Она вернулась в школу и вошла в телефонную будку возле столовой, закрыла старомодную дверь из дерева и стекла, развернула бумажку с его телефоном и набрала номер редакции. Он поднял трубку после второго гудка.
– Алло? Горрик слушает. Алло?
Она проглотила комок.
– Алло? Это Джулия Уоринг.
– Джулия, – в его голосе сразу зазвучало радушие. – Привет.
– Привет.
Один мальчик из класса Джулии прислонился к будке снаружи и прижался лицом к стеклу, так что оно причудливо исказилось, нос и язык превратились в красный бугор, окруженный облачком запотевшего дыхания. Он стукнул в стекло и убежал, громко смеясь. Она нахмурилась и отвернулась.
– Джулия? Ты слушаешь?
– Да.
– Как поживаешь?
– Вы сказали, если у меня будет о чем поговорить, я могу позвонить вам.
– Да, разумеется. Так что?
– Могу я встретиться с вами?
– Конечно. Я могу приехать через пятнадцать минут. Ты в школе?
– Да.
– Хорошо. Подожди меня, ладно, Джулия? Подождешь?
– Да.
– Я сейчас же выхожу. – Он и правда уже стоял с ручкой и блокнотом в руках.

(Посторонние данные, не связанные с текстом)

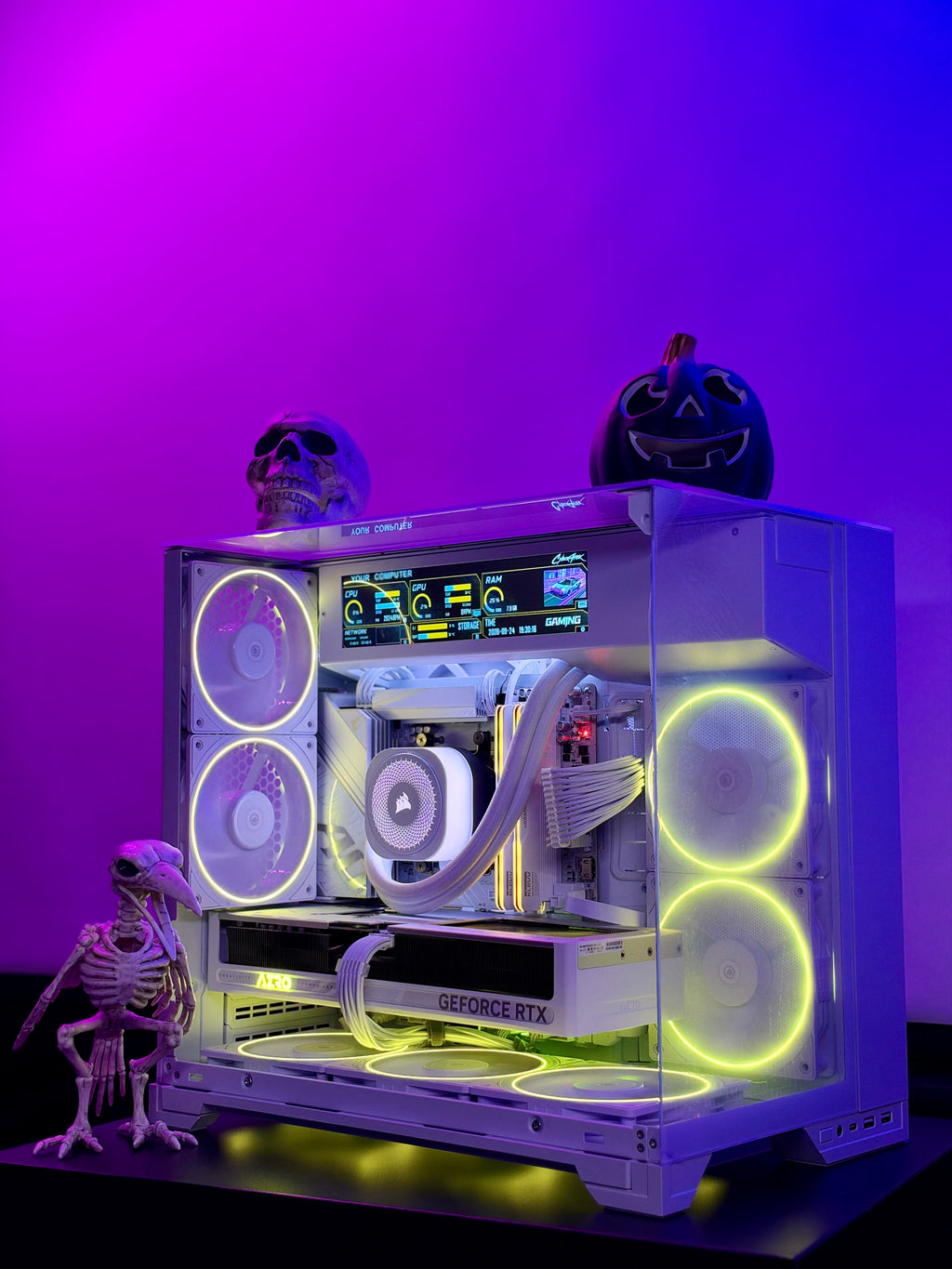 A custom white PC tower with glowing yellow and white RGB fans, illuminated by purple and blue LED lighting against a purple background. The PC is decorated with a skull, a jack-o'-lantern, and a small skeleton figurine.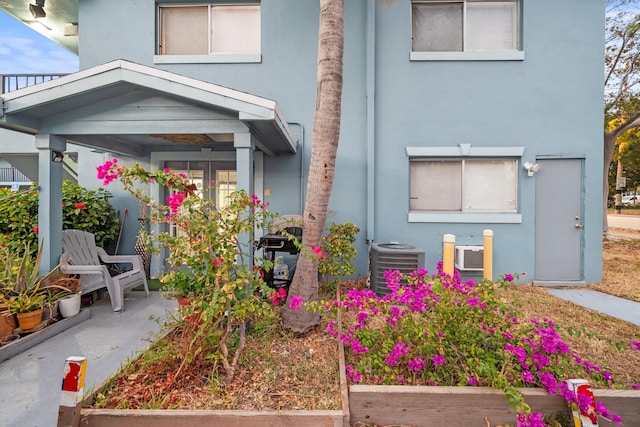 view of front of house with central air condition unit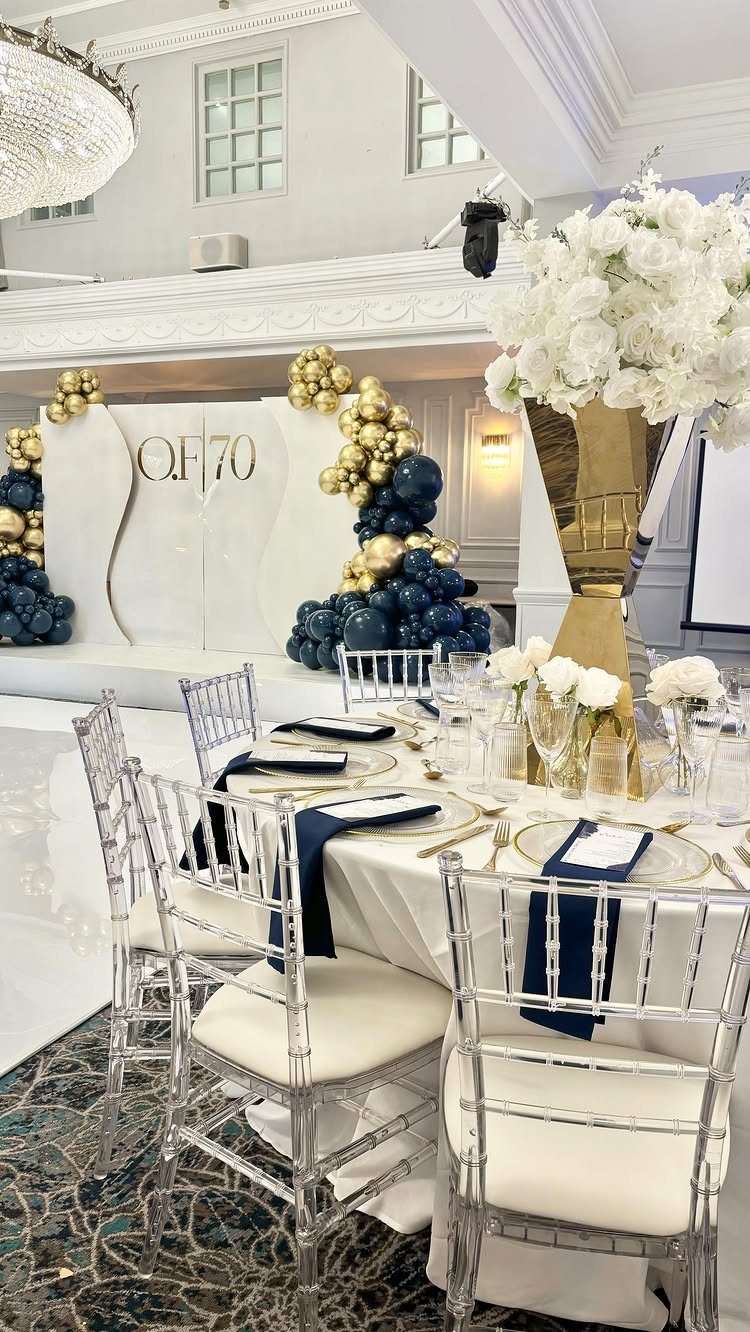 Elegant dining table set with navy napkins and gold cutlery in front of a 70th birthday backdrop.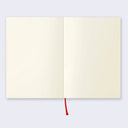 Open page spread of the notebook displaying blank cream colored paper and a red ribbon for place marking.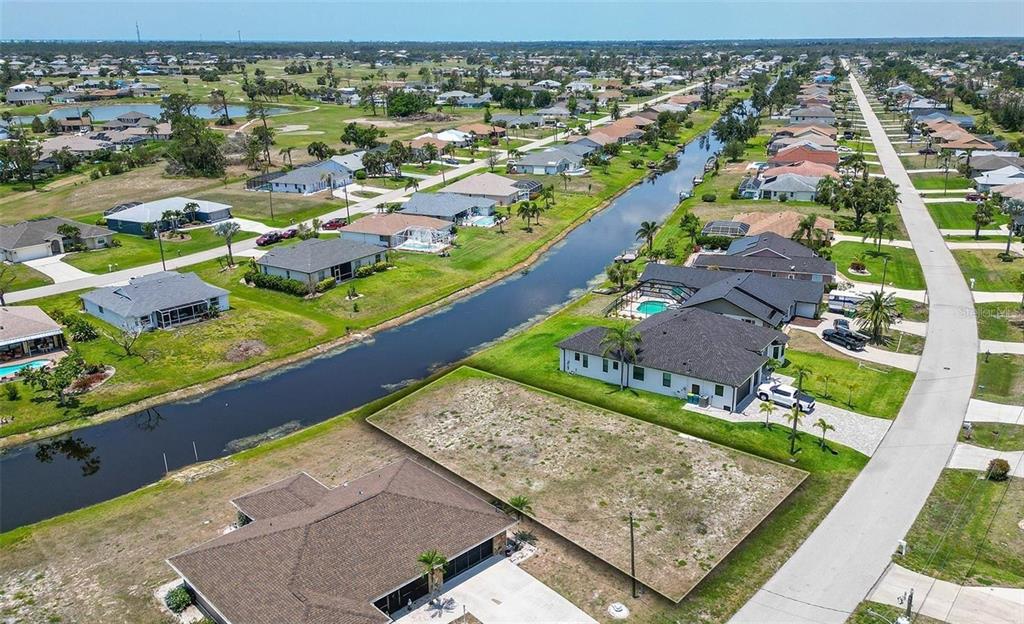 An aerial view shows a vacant residential lot situated between two houses along a canal — 168 MARK TWAIN LANE, ROTONDA WEST, FL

Джулия задержалась в женском туалете на первом этаже и в первый раз при всех аккуратно накрасила пухлые губы украденной помадой. Причесав волосы, она пошла ждать на улице, усевшись на цепь, ограничивавшую школьную территорию. Холодные металлические звенья впивались ей в тело, пока она покачивалась взад-вперед, думая о том, что она может сказать, чтобы не разочаровать его, чтобы удержать его, заставить прийти снова, взять ее с собой. Она наблюдала, как через одиннадцать минут на стоянку въехал белый «вольво» и из него вылез Питер Горрик. На нем была куртка, какой она раньше не видела, из бежевой ткани с темно-коричневым кожаным воротником. Ее сердце учащенно забилось, когда она встала и пошла ему навстречу, не зная, куда девать глаза, стесняясь его взгляда; он открыто наблюдал, как она проходит разделяющее их расстояние. Когда они встретились, он улыбался.
– Как дела?
– Нормально, – неуверенно ответила она.
– Ты голодная? Хочешь, пойдем съедим по гамбургеру?
– А можно просто покататься?
– Конечно.
Они пошли к его машине, и на этот раз она позволила ему открыть перед ней дверцу. Она скользнула внутрь, в этот его особый мир; пряный запах, присущий только ему, пустая банка из-под кока-колы на полу, груда книг на заднем сиденье, стянутая шерстяным шарфом в черно-белую клетку, – все это было проникнуто каким-то символическим смыслом, который потом, ночью, у себя в комнате она будет бесконечно пытаться расшифровать. Какие книги он читает? Покупал ли он шарф сам или ему подарили? А если подарили, то кто? Он сел рядом и поехал от школы. Снова сухое тепло окутало их, снаружи, за поднятыми окнами все расплывалось и уносилось прочь.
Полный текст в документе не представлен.